I'm very curious to know as those numbers have very different meanings as far as I'm concerned.

Answer 1

So I think you want to know "why" $\pi$ and $e$ appear here based on an explanation that goes back to circles and natural logarithms, which are the usual contexts in which one first sees these.

If you see $\pi$, you think there's a circle hidden somewhere. And in fact there is. As has been pointed out, in order for this expression to give a probability density you need $\int_{-\infty}^\infty f(x) \: dx = 1$. (I'm not sure how much you know about integrals -- this just means that the area between the graph of $f(x)$ and the $x$-axis is 1.) But it turns out that this can be derived from $\int_{-\infty}^\infty e^{-x^2} dx = \sqrt{\pi}$.

And it turns out that this is true because the square of this integral is $\pi$. Now, why should the square of this integral have anything to do with circles? Because it's the total volume between the graph of $e^{-(x^2+y^2)}$ (as a function $g(x,y)$ of two variables) and the $xy$-plane. And of course $x^2+y^2$ is just the square of the distance of $(x,y)$ from the origin -- so the volume I just mentioned is rotationally symmetric. (If you know about multiple integration, see the Wikipedia article "Gaussian integral", under the heading "brief proof" to see this volume worked out.)

As for where $e$ comes from -- perhaps you've seen that the normal probability density can be used to approximate the binomial distribution. In particular, the probability that if we flip $n$ independent coins, each of which has probability $p$ of coming up heads, we'll get $k$ heads is $$ {n \choose k} p^{k} (1-p)^{n-k} $$ where ${n \choose k} = n!/(k! (n-k)!)$. And then there's Stirling's approximation, $$ n! \approx \sqrt{2\pi n} (n/e)^{n}. $$ So if you can see why $e$ appears here, you see why it appears in the normal. Now, we can take logs of both sides of $n! = 1 \cdot 2 \cdot \ldots \cdot n$ to get $$ \log (n!) = \log 1 + \log 2 + \cdots + \log n $$ and we can approximate the sum by an integral, $$ \log (n!) \approx \int_{1}^{n} \log t \: dt. $$ But the indefinite integral here is $t \log t - t$, and so we get the definite integral $$ \log (n!) \approx n \log n - n. $$ Exponentiating both sides gives $n! \approx (n/e)^n$. This is off by a factor of $\sqrt{2\pi n}$ but at least explains the appearance of $e$ -- because there are logarithms in the derivation.
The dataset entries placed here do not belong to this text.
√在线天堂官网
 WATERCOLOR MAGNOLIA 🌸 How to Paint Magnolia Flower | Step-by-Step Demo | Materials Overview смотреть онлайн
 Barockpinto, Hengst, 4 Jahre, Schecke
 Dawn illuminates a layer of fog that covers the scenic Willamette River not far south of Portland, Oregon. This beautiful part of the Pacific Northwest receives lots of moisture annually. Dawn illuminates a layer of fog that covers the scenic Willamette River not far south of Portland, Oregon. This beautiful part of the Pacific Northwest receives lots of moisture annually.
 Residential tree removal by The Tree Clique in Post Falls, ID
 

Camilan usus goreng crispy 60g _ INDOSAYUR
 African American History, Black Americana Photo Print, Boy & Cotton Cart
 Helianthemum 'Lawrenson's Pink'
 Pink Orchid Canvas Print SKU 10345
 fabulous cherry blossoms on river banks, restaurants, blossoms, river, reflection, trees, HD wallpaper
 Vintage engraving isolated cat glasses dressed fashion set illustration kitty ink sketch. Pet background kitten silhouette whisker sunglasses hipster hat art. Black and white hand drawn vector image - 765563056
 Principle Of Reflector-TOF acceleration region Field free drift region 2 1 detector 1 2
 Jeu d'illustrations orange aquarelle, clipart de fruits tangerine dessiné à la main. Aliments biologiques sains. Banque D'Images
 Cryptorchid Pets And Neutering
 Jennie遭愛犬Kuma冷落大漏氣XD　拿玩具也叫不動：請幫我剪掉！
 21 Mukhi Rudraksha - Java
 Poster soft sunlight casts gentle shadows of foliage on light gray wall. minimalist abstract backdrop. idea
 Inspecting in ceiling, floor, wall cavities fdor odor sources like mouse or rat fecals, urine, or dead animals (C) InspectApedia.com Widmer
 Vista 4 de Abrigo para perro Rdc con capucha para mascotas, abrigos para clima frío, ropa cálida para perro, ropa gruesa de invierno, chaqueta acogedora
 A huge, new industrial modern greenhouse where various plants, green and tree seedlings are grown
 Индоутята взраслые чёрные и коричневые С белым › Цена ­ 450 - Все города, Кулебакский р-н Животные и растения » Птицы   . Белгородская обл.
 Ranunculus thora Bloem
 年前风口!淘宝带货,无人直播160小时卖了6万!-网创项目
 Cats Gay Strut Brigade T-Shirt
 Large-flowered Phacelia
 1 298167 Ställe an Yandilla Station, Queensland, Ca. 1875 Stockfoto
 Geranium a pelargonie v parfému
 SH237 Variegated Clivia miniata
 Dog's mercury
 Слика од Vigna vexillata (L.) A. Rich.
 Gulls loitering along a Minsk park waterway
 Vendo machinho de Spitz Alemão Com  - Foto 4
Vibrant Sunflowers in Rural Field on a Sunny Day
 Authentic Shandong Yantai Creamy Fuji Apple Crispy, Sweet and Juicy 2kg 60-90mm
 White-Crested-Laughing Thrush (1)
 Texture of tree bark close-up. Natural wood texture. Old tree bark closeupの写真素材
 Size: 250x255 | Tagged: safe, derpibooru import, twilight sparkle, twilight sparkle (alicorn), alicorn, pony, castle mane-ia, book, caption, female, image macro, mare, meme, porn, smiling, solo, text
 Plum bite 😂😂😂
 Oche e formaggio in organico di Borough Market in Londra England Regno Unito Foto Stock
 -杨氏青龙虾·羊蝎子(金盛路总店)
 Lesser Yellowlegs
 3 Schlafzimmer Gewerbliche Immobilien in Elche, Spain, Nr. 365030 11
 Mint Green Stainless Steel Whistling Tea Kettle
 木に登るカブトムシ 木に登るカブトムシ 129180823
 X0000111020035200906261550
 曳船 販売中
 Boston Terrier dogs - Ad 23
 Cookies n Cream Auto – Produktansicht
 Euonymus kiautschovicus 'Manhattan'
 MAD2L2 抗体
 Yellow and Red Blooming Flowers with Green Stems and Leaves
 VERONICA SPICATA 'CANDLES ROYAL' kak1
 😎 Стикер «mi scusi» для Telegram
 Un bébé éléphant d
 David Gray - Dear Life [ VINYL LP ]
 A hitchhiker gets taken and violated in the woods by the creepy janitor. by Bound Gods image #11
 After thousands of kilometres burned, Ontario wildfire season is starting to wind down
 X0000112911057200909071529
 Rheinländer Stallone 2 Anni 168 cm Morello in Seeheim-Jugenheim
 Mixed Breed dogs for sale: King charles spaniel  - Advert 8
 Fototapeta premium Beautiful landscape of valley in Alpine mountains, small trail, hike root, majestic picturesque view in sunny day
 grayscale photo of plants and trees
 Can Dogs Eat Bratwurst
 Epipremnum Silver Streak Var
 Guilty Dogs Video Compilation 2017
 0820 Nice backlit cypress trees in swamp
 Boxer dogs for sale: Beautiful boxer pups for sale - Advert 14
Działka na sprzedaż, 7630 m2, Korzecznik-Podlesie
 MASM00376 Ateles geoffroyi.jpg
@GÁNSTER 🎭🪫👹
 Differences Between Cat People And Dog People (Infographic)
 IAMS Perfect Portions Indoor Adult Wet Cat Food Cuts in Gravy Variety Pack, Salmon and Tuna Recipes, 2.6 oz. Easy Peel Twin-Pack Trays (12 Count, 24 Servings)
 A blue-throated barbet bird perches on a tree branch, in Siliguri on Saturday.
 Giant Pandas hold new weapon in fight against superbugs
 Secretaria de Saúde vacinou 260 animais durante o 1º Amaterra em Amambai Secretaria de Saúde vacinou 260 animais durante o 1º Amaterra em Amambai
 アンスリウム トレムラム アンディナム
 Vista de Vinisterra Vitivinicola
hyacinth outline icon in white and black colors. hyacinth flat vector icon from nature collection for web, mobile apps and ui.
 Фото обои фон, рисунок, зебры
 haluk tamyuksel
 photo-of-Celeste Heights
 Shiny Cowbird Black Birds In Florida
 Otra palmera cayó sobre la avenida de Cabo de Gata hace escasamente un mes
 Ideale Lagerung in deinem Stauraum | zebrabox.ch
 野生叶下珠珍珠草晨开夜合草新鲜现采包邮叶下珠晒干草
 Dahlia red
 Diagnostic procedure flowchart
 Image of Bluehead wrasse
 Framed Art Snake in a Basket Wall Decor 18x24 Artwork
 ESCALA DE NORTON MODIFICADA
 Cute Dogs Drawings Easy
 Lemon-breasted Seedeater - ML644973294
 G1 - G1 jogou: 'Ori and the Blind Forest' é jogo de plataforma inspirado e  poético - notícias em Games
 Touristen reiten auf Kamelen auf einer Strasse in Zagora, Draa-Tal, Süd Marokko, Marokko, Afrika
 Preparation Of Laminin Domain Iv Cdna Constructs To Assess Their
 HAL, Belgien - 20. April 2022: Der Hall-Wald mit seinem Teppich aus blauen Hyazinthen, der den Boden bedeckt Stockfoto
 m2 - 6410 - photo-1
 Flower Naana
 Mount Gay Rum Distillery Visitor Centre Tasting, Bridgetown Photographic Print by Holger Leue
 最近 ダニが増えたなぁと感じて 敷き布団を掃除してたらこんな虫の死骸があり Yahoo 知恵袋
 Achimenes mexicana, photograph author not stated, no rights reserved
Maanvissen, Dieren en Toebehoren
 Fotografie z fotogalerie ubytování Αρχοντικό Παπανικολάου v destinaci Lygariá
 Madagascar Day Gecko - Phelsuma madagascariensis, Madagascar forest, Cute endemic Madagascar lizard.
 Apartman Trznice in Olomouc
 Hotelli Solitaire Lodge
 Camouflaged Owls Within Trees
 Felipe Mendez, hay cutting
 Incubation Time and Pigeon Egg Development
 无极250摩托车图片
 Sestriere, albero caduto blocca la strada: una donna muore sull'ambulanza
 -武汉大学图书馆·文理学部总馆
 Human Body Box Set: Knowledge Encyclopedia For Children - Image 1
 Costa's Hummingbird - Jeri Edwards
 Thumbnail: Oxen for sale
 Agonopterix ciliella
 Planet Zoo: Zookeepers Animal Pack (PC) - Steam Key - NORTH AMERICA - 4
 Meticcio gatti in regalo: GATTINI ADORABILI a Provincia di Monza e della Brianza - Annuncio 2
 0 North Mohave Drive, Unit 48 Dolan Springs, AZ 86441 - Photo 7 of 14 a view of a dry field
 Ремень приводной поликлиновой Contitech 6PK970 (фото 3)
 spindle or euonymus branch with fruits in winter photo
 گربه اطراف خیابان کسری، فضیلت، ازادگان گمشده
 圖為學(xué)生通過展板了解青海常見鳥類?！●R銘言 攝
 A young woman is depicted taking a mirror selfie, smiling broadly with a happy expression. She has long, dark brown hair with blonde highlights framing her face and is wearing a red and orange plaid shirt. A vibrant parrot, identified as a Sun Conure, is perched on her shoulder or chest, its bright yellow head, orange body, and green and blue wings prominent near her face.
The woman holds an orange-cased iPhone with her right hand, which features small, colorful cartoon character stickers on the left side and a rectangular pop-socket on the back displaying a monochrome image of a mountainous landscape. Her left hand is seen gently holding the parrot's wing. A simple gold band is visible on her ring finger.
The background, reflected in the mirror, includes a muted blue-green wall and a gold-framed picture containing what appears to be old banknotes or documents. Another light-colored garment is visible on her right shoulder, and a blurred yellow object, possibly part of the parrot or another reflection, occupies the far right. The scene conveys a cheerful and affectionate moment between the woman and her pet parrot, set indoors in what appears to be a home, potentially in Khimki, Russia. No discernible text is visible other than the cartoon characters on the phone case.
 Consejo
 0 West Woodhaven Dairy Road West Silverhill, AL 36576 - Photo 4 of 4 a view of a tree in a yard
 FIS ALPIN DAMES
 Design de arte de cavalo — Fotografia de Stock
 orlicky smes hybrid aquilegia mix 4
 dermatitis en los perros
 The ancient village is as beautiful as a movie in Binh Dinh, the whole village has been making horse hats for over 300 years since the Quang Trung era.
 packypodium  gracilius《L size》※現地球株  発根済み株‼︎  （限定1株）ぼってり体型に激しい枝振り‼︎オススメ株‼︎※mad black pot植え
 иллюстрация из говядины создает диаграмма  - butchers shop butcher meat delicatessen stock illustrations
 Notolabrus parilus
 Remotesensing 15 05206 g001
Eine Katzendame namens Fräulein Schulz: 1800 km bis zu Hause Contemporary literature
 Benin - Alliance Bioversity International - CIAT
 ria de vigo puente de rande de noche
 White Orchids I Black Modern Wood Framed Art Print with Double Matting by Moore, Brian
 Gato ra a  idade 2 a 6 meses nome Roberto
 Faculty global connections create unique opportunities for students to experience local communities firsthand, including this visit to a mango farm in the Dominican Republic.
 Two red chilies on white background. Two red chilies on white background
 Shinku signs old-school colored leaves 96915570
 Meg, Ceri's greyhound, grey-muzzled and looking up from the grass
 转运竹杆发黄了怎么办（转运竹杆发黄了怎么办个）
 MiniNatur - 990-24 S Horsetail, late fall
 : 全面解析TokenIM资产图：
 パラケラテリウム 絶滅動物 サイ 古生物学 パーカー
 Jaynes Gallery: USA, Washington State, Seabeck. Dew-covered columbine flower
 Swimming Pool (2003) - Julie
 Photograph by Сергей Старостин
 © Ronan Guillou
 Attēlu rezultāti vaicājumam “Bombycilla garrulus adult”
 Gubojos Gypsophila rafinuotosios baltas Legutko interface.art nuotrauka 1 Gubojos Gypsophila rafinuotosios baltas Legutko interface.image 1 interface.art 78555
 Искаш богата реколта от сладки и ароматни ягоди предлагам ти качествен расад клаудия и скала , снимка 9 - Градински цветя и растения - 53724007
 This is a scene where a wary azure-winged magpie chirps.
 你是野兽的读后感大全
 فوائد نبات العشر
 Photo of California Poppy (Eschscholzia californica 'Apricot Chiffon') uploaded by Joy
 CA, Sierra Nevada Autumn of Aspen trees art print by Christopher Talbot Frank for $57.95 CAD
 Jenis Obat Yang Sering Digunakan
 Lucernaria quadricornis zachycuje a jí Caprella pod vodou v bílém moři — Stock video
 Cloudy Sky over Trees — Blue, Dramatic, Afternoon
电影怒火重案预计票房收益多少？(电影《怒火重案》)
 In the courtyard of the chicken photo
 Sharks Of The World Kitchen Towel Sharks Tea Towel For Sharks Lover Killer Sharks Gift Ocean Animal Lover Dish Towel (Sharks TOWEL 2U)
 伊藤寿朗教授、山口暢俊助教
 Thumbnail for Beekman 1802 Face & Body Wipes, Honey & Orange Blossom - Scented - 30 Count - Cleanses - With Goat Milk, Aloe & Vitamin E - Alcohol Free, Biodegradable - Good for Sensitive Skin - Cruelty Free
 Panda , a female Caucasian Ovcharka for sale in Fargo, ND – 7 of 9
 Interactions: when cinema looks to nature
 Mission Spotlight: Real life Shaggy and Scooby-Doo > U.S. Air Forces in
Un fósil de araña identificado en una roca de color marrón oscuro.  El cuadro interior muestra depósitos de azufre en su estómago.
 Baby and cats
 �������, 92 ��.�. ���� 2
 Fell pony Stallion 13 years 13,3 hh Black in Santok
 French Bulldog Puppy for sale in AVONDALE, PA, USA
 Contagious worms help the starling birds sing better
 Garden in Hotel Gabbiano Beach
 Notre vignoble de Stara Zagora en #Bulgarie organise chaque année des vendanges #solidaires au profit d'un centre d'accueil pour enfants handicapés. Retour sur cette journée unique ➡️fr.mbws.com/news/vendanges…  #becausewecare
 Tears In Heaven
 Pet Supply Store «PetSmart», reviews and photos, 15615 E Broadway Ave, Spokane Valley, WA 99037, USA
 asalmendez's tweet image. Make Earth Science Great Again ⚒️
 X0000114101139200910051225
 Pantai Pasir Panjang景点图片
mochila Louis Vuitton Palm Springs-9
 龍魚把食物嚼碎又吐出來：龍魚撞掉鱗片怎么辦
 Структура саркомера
This often occurs when we deal with probabilities involving lots of events because we have to find products of many terms; we have a well-developed theory for sums of very large numbers of terms (basically, integration) which we can plug into by taking logs.

Answer 2

One of the important operations in (continuous) probability is the integral. $e$ shows up there just because it's convenient. If you rearrange it a little you get $$ {1 \over \sqrt{2\pi \sigma^2}} (e^{1 \over 2\sigma^2})^{-(x-\mu)^2},$$ which makes it clear that the $e$ is just a convenient number that makes the initial constant relatively straightforward; using some other number in place of $e$ just rescales $\sigma$ in some way.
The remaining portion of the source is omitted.